_Exercise prompt:_
What is needed is an exact reproduction of the lines from the one that contains "Samsung Galaxy S22 Ultra" through the end of the data, both included and nothing else, with pictures omitted.

_Input for this task:_

----

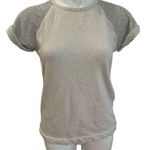 Woolrich  Short Sleeve Women's Sweatshirt sz S Photo 0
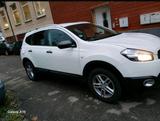Nissan qashqai baujahr 2010 +2 ( J10 ) - Nissan Qashqai: J10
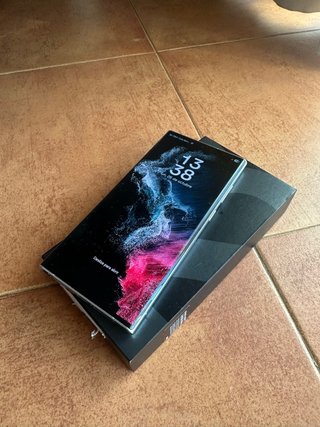 Samsung Galaxy S22 Ultra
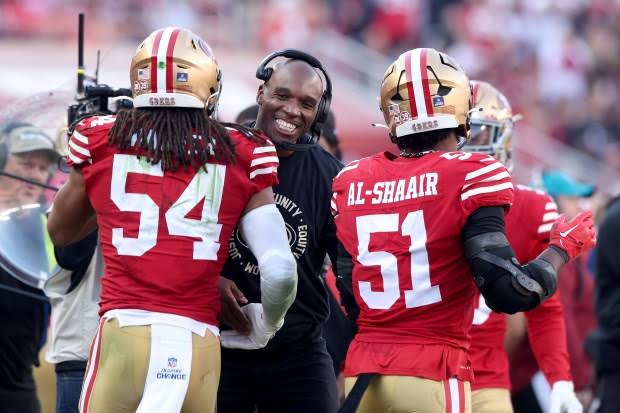 “Shocking:49ers Are Possibly Close To Considering A New DC”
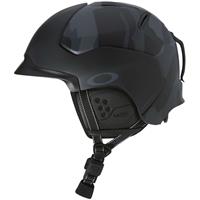 Oakley MOD 5 Factory Pilot Helmet - Men's - Matte Night Camo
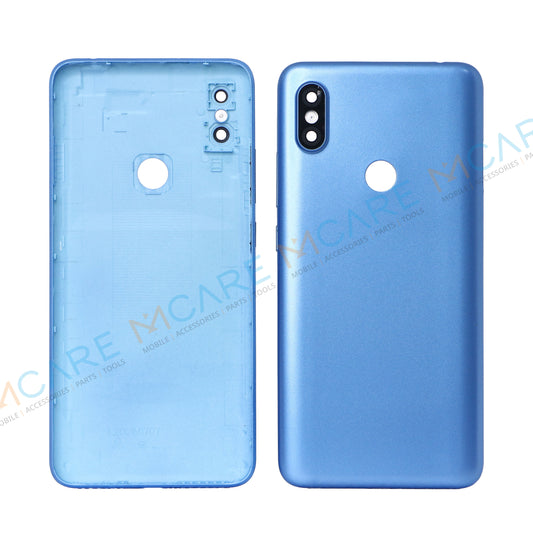 BACK PANEL COVER FOR XIAOMI REDMI Y2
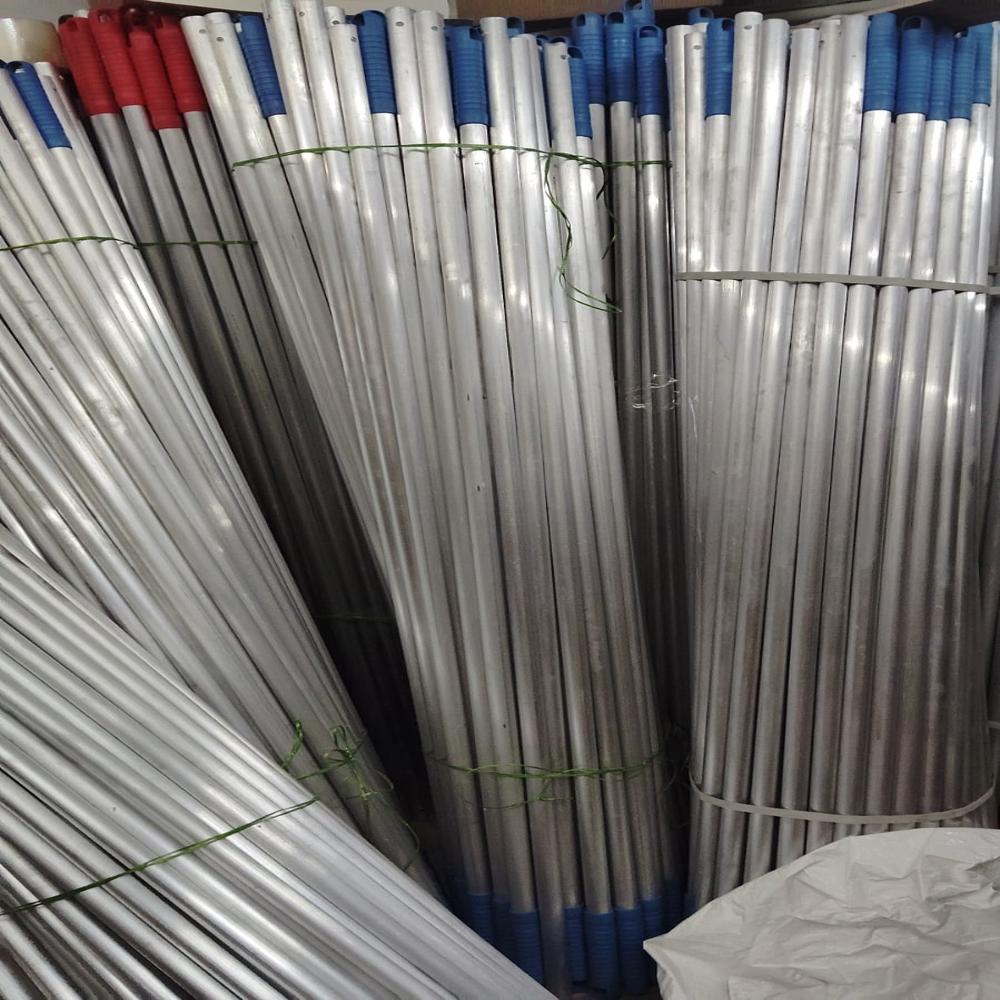 Aluminium Round Pipe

----

_Answer space:_
 Samsung Galaxy S22 Ultra
 “Shocking:49ers Are Possibly Close To Considering A New DC”
 Oakley MOD 5 Factory Pilot Helmet - Men's - Matte Night Camo
 BACK PANEL COVER FOR XIAOMI REDMI Y2
 Aluminium Round Pipe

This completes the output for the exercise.